Katharine the Great
- Author: Deborah Davis
- Language: English
- Subject: Katharine Graham
- Publication date: 1979
- Publication place: United States

= Katharine the Great =

Unauthorized biography of American newspaper magnate

Katharine the Great: Katharine Graham and The Washington Post is an unauthorized biography of Katharine Graham, owner of The Washington Post, authored by journalist Deborah Davis and initially published in 1979.

The book was first published by Harcourt Brace Jovanovich (HBJ), but they withdrew the book from circulation after a few weeks and returned the rights to Davis after citing that "certain facts and circumstances have arisen since publication." Davis sued HBJ for $6 million in 1982 for breach of contract, alleging the recall came after a letter from the Posts executive editor, Benjamin C. Bradlee to the publisher; Bradlee called the publication of the book "completely irresponsible" and then listed 39 errors where his name appeared. The suit was settled out of court for $100,000.

==Synopsis==
This biography of Katharine Graham, including details of the death of her husband Philip Graham in 1963, advances some theories that have met with considerable controversy. For example, Davis claimed that the source behind the Watergate scandal, popularly known as Deep Throat, was a CIA officer named Richard Ober (in fact, it was later revealed that Deep Throat had been FBI Associate Director Mark Felt).

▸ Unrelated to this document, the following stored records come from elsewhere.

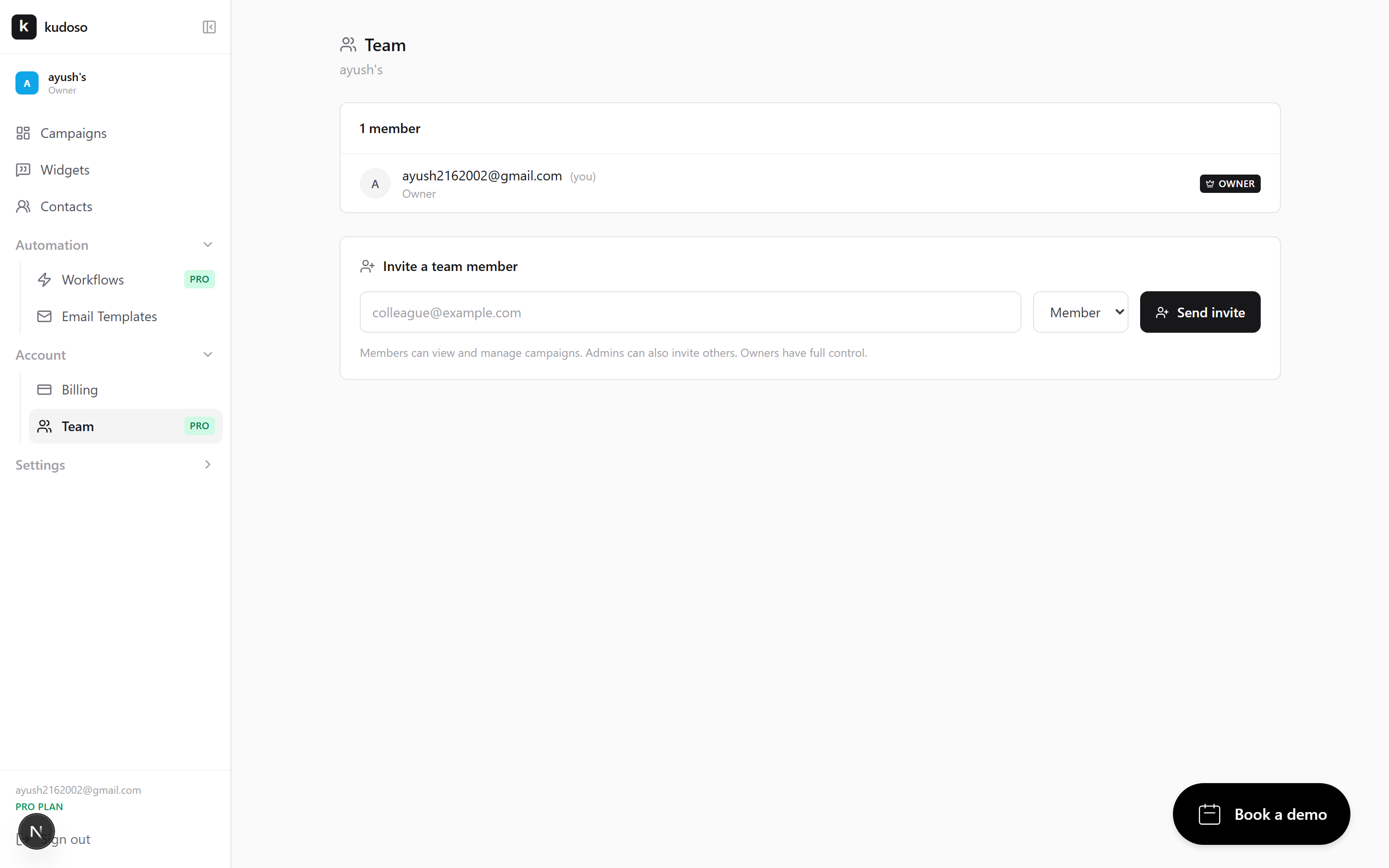 The team page showing members and pending invitations.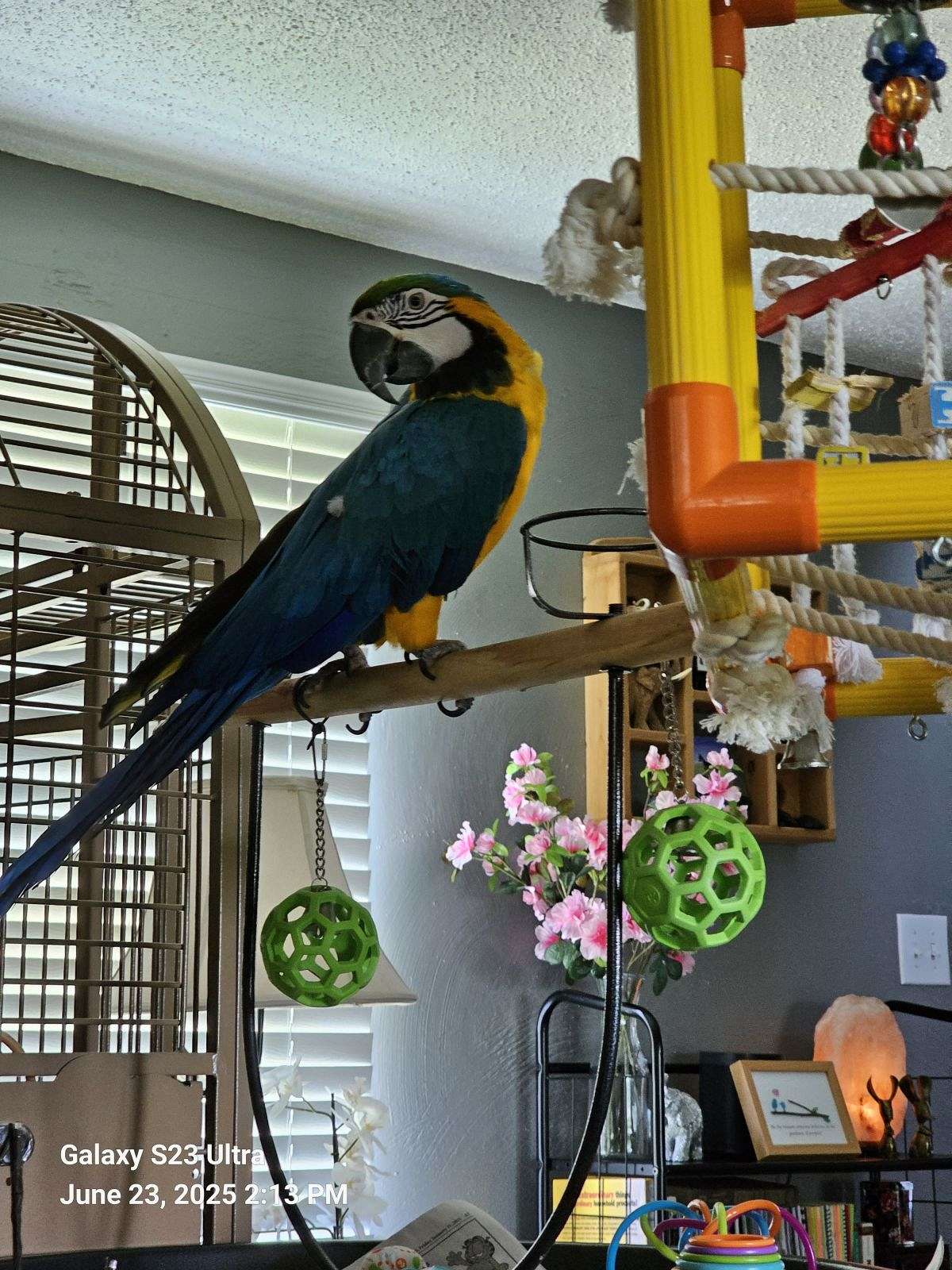 Large Macaw Seen And Proud Reverships Extra Room preview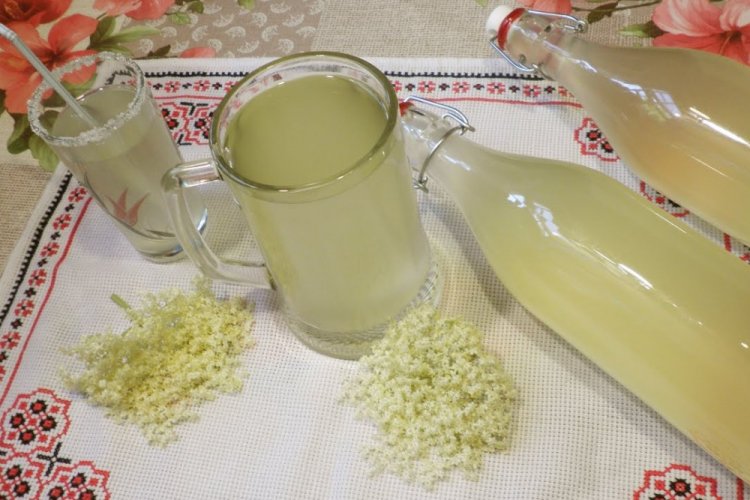 Квас из бузины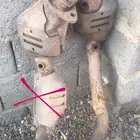 دبة تلوث فورد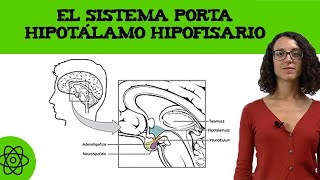 El sistema porta hipotálamo hipofisario 👫 [upl. by Littell]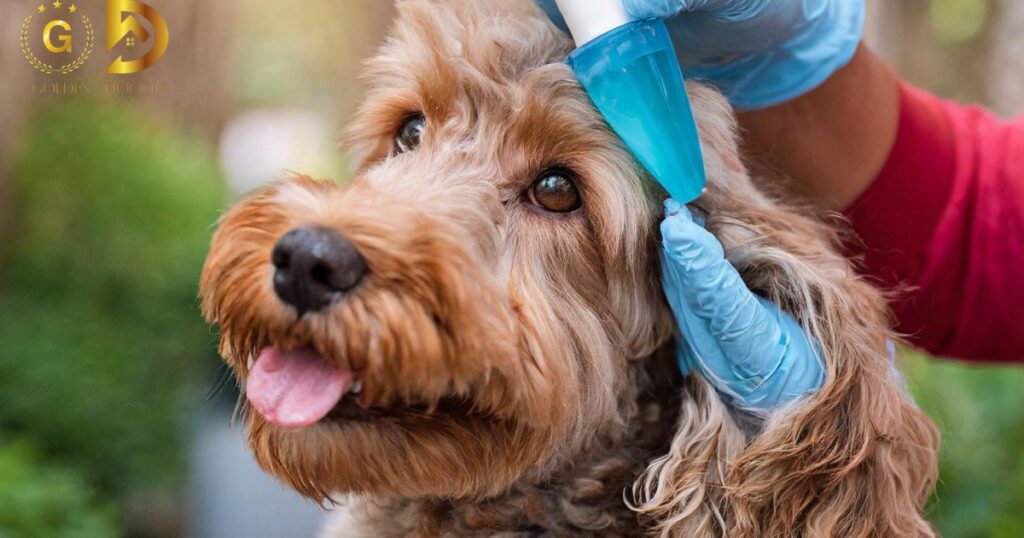 Apply ear cleaning solution as directed by the veterinarian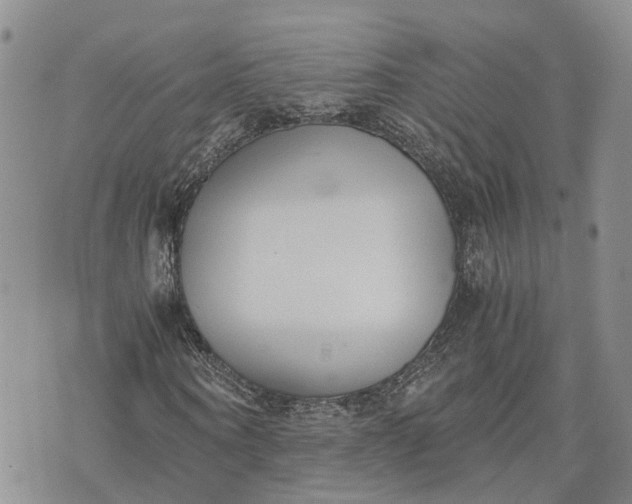 X0000073450866200608111348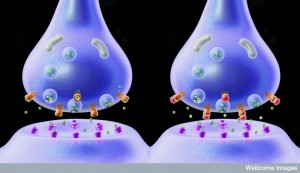 B0006900 Neurotransmitters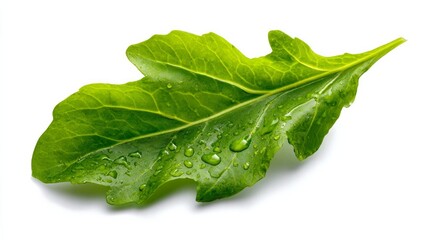 Fototapeta premium Green arugula leaf sits on a white background.
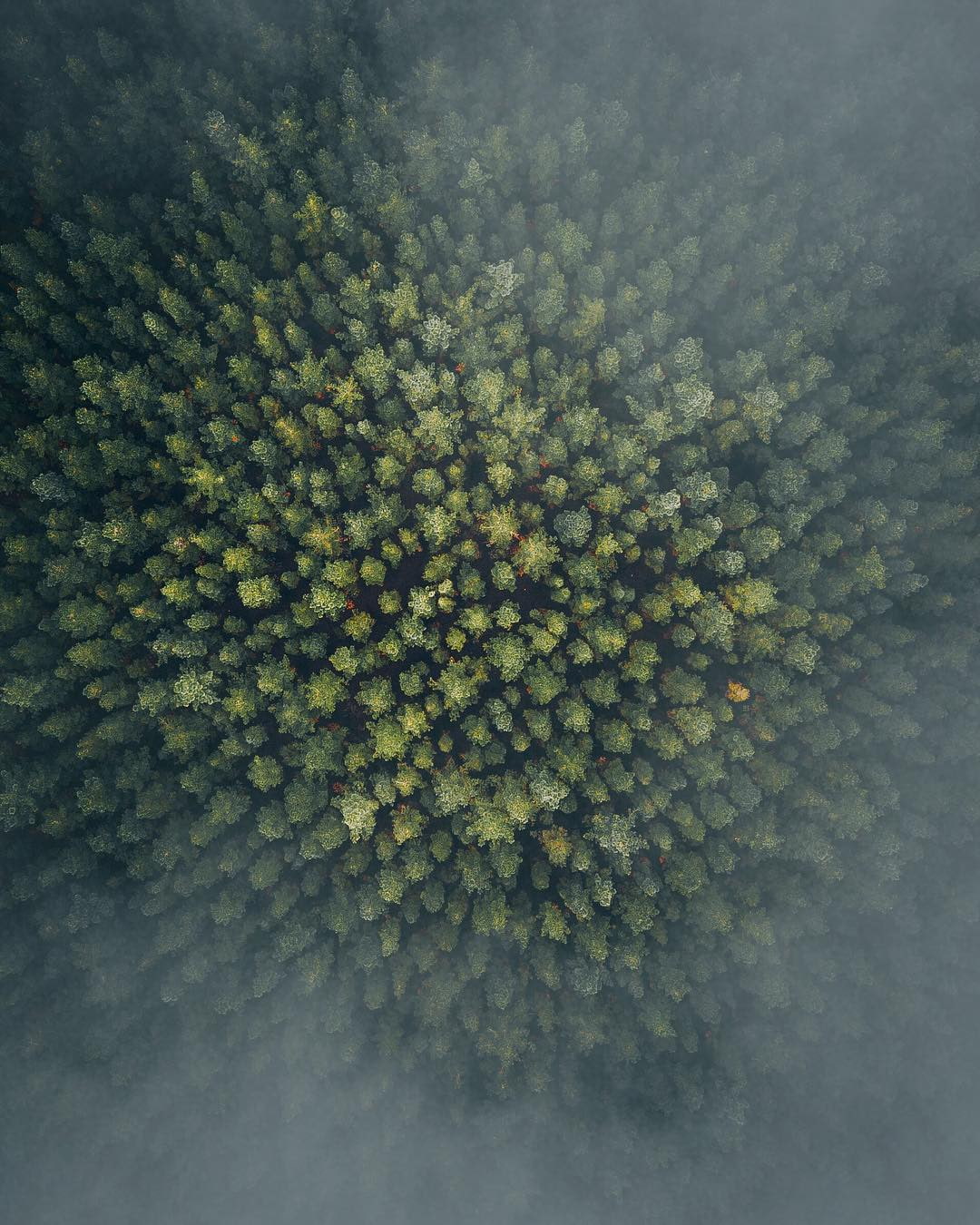 nature, trees, birds eye view, forest, 720P, Phone HD Wallpaper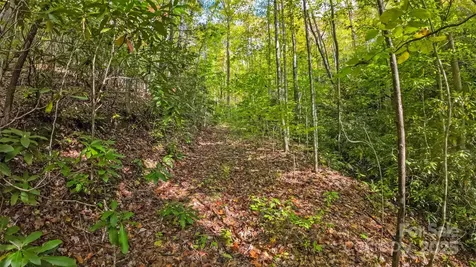 99999 Chastain Road Scaly Mountain NC 28775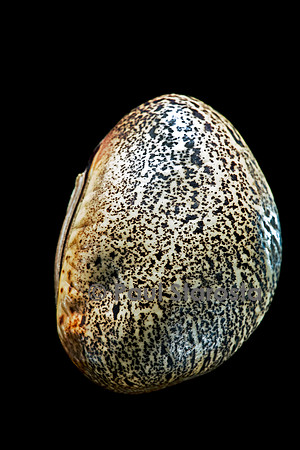 Canavalia ensiformis (haricot sabre)
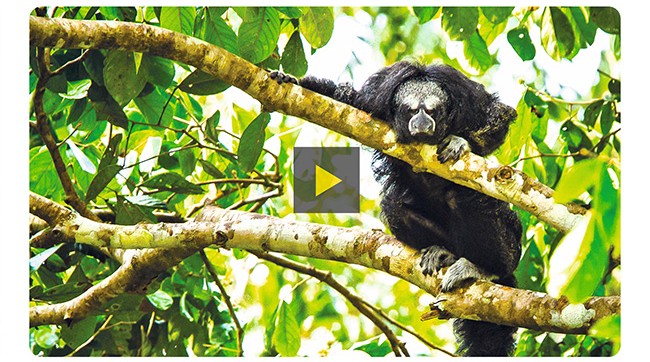 EXPERIENCE THE UPPER AMAZON'S WILDLIFE AND CULTURE ON A RIVER EXPEDITION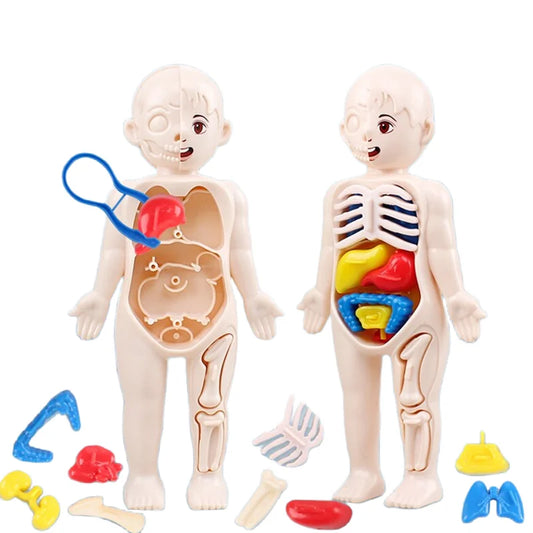 Human Body Organ Anatomy Model - 13 Pc Set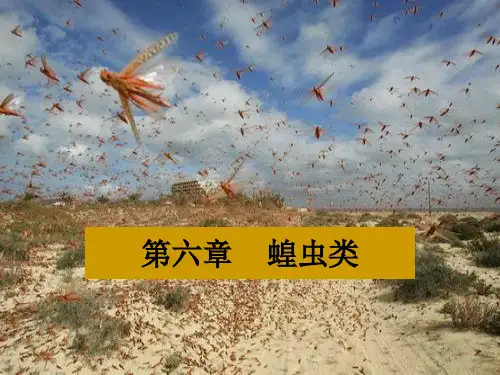 第六章++++蝗虫类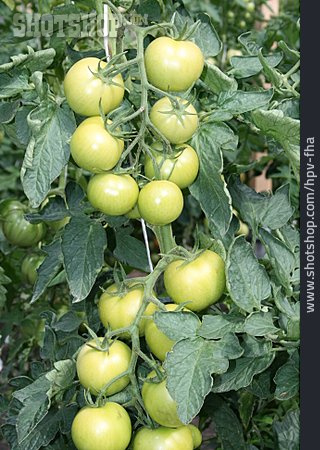 
                Tomate, Tomatenpflanze, Gemüseanbau                   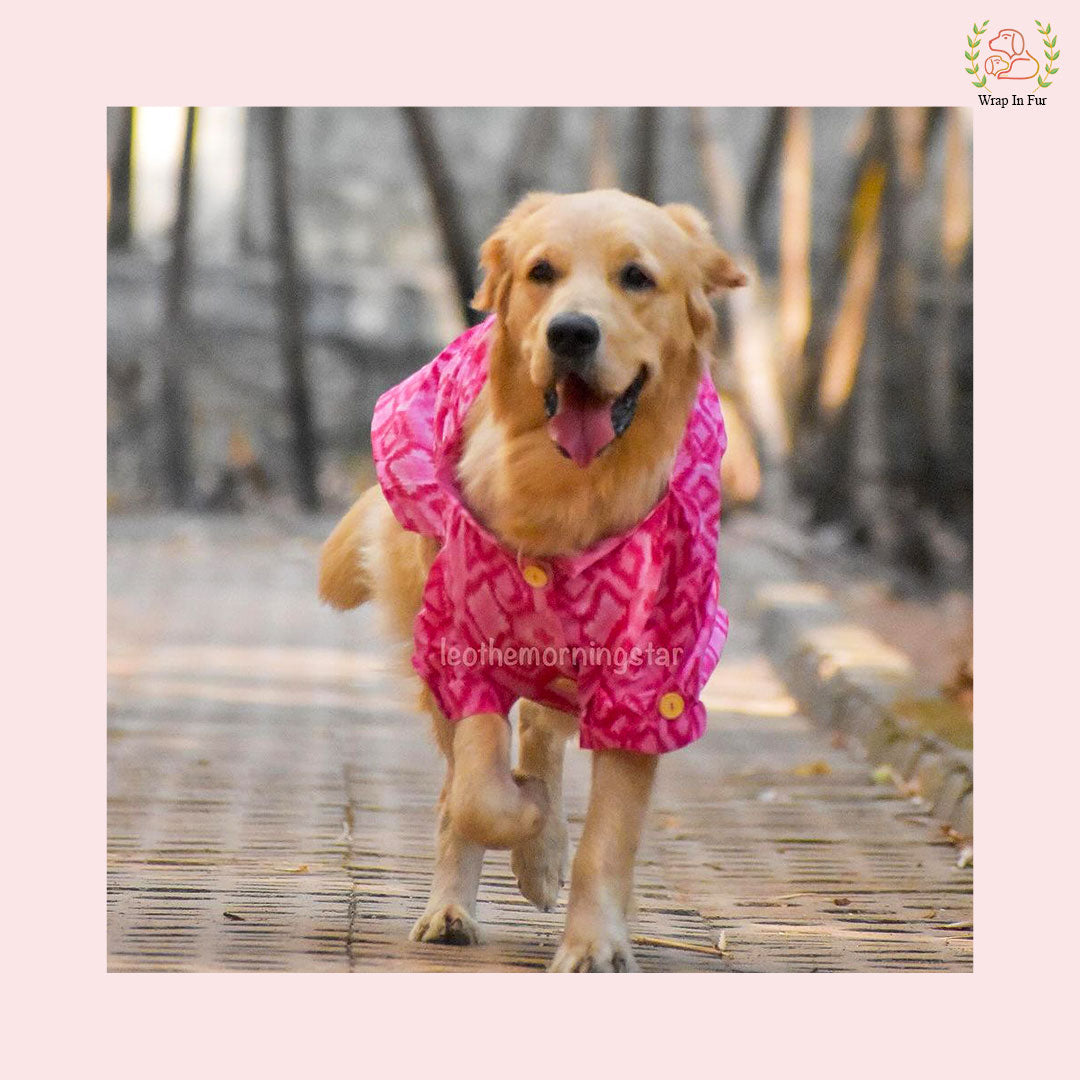 Pink Paradise Dog Kurta - Premium Ikat Indian Dog Ethnic Wear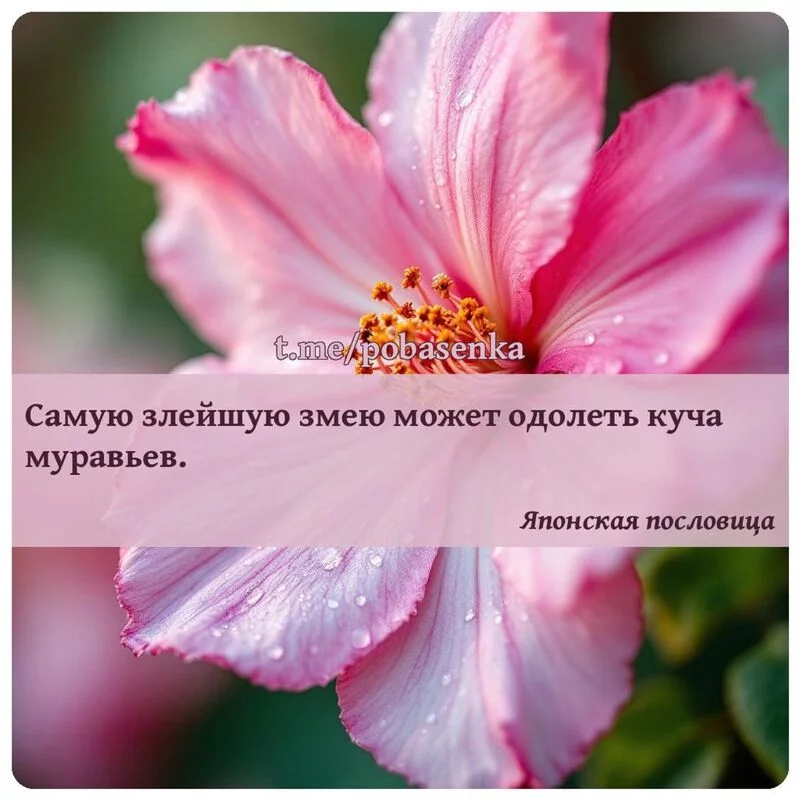 «Самую злейшую змею может одолеть куча...» height="550" width="550"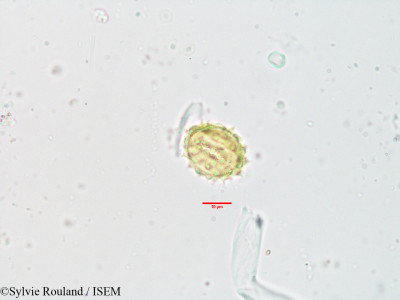 Helichrysum antandroi - lame n° 3549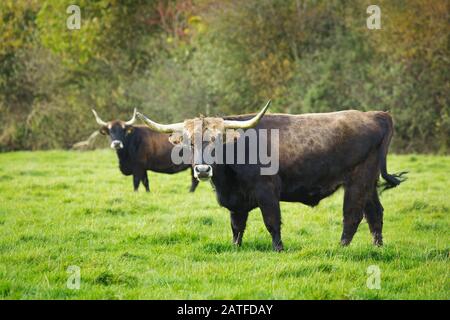 Hack cattle Stock Photo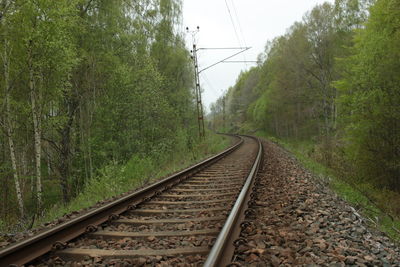 Railroad tracks amidst trees against sky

She also claims that the Washington Posts executive editor, Benjamin C. Bradlee, was part of a CIA propaganda plan to support the convictions of spies Julius and Ethel Rosenberg.

==Criticism==
The book received unfavorable reviews from the Los Angeles Times, The Washington Post, The New York Times and others.

Davis' 1983 settlement with HBJ was heralded as a victory for writers by Eve Pell of The Nation, but Pell saw both at fault for failing to fact check.

==Release details==
It was republished in 1987 by National Press Inc., and again in 1991, this time by Sheridan Square Press.